_Supplied information_.
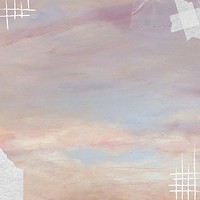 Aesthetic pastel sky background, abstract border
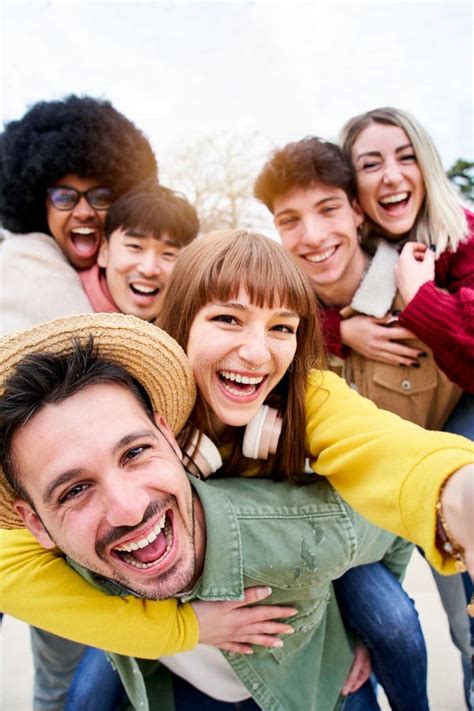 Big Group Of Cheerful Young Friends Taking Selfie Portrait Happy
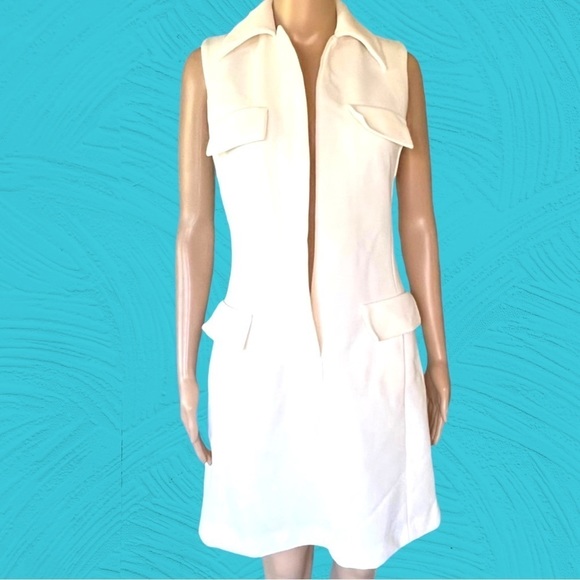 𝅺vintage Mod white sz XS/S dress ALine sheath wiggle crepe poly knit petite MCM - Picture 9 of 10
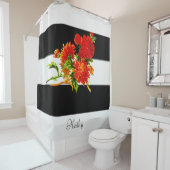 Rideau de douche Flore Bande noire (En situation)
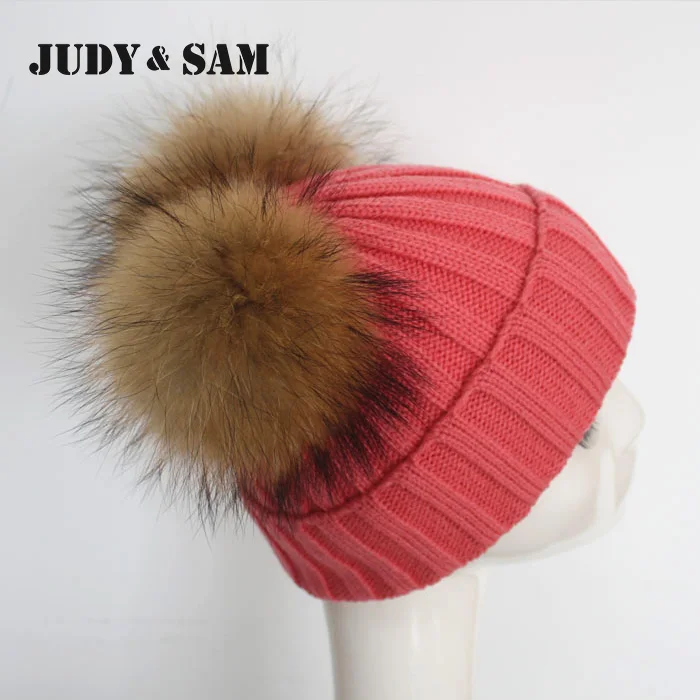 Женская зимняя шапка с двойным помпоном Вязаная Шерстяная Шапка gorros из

--

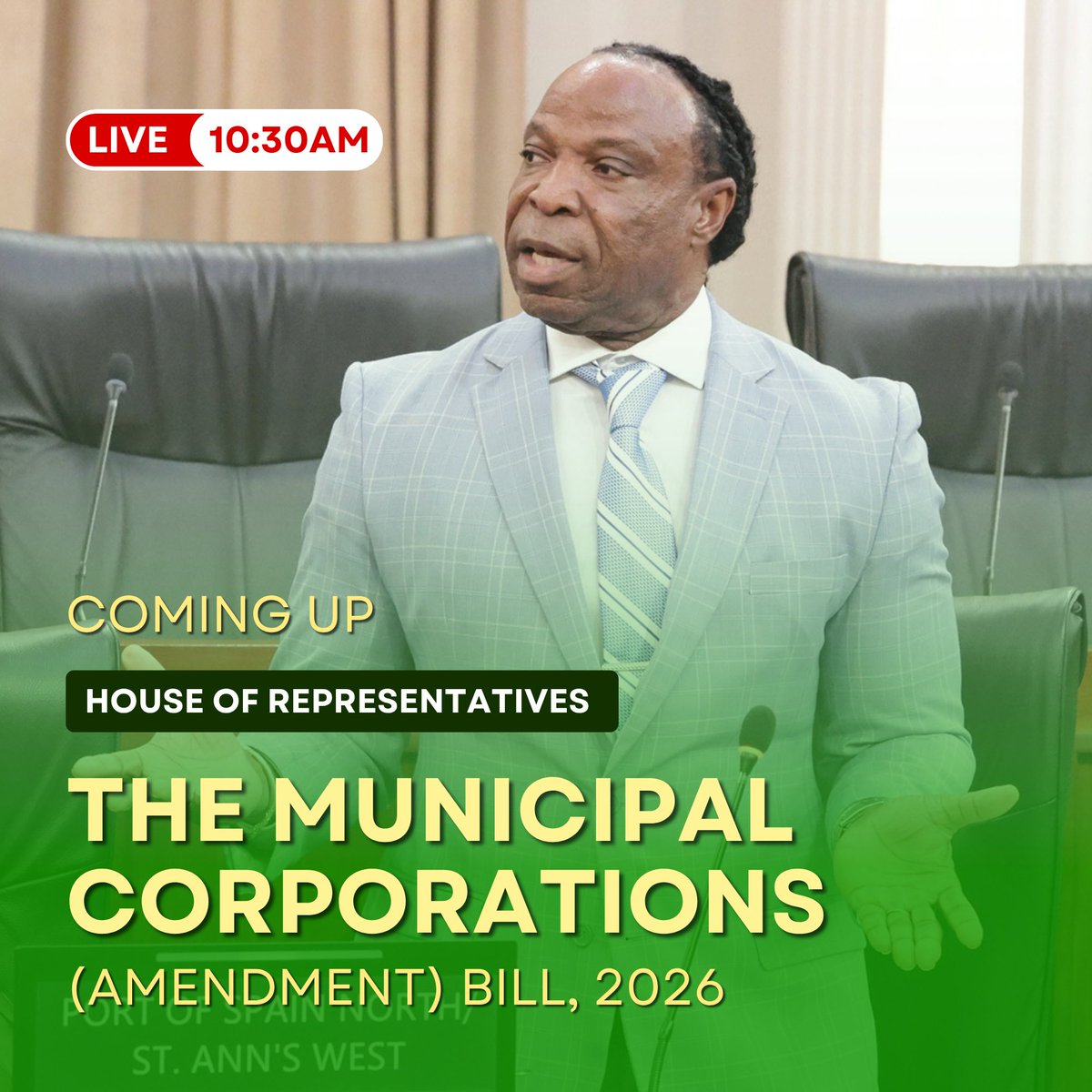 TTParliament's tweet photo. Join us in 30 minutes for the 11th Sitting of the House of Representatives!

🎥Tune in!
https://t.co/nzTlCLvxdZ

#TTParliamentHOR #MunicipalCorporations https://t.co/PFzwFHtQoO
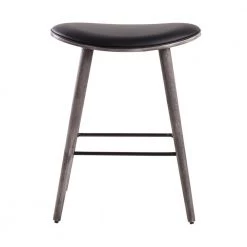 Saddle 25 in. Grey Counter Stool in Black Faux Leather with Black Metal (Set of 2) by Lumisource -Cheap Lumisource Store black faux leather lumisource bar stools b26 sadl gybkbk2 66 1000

--

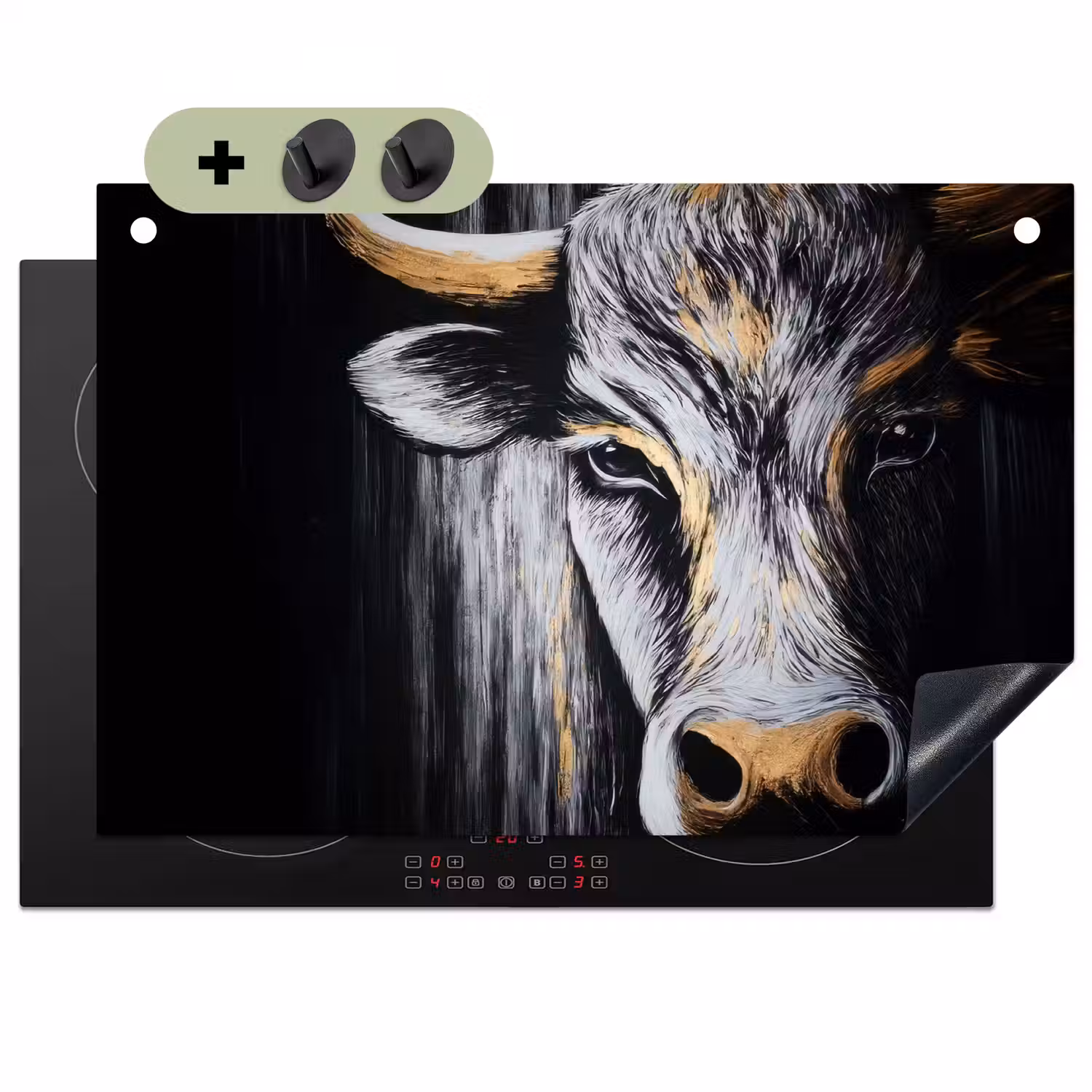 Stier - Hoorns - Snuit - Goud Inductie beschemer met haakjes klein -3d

_Assigned task_. In the listing above, find the line with "Aesthetic pastel sky" and the line with "Женская зимняя шапка". Transcribe those two and everything between, exactly, leaving out pictures.

_Problem solution_.
 Aesthetic pastel sky background, abstract border
 Big Group Of Cheerful Young Friends Taking Selfie Portrait Happy
 𝅺vintage Mod white sz XS/S dress ALine sheath wiggle crepe poly knit petite MCM - Picture 9 of 10
 Rideau de douche Flore Bande noire (En situation)
 Женская зимняя шапка с двойным помпоном Вязаная Шерстяная Шапка gorros из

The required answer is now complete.